This year, Tao's master dim sum chef Lo Tian Sion commemorates the festival with five varieties of rice dumplings which will available until 9 June 2016.
Handmade fresh daily by the chef who has over two decades of experience, the most impressive variant has to be abalone sea treasure rice dumpling (RM72.80 nett per piece). Instead of the customary ginger powder, Chef Lo has used five spice powder to give the humongous chung a different accent.
We had a sneak sampling of the gigantic dumpling which came packed with roast duck, salted egg yolk, baby abalone, dried scallop, dried oysters, sea cucumber and other delectable ingredients. Chockful of hearty flavours, it was the day's crowd fave as the huge portion was left us replete and happily satisfied.
Personally, I found the mini red bean paste dumplings (RM14 nett for two pieces) a classic winner. The plain sticky rice was compact enough and boasted a generous filling of mildly sweet red bean mash.
Another savoury version consists of dried oyster with braised peanuts and black eyed beans (RM22 nett per piece) wrapped in an elongated parcel. Traditionalists will enjoy this tasty offering which stays close to the familiar ham yuk chung (savoury meat dumplings) taste of yesteryear.

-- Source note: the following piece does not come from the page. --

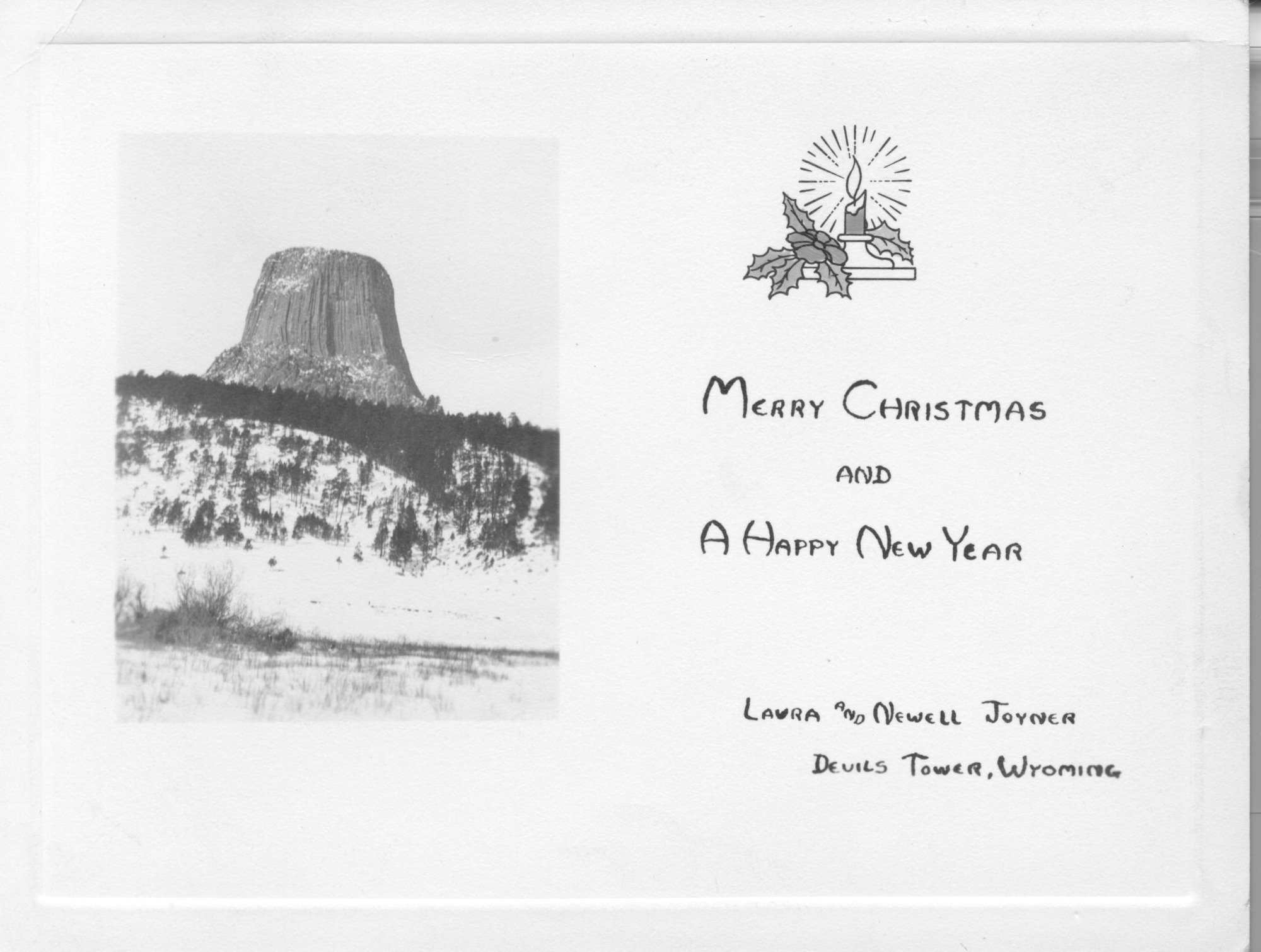 A card with a picture of Devils Tower that says "Merry Christmas and a Happy New Year."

The chef's inventive streak rises to fore in the spicy Nyonya rice dumpling with dried shrimps and diced chicken dumpling (RM24.80 nett). Boldly accentuated with homemade Nyonya sauce - a robust blend of dried shrimps, dried chilli and five spices powder, the rice dumpling should appeal to those partial to strong, piquant flavoured food. The purist in me yearns for the sweetish nuance of candied wintermelon which makes Nyonya changs so distinctly different.
Mindful of health-conscious diners, Chef Lo has created mini rice dumplings with preserved winter melon, maraschino cherries, dried strawberries, raisins, lotus seeds and dried mango (RM14 nett) for them. I had expected it to be sweet but thankfully it was not. Some mango sauce is served with the dumplings for moistness.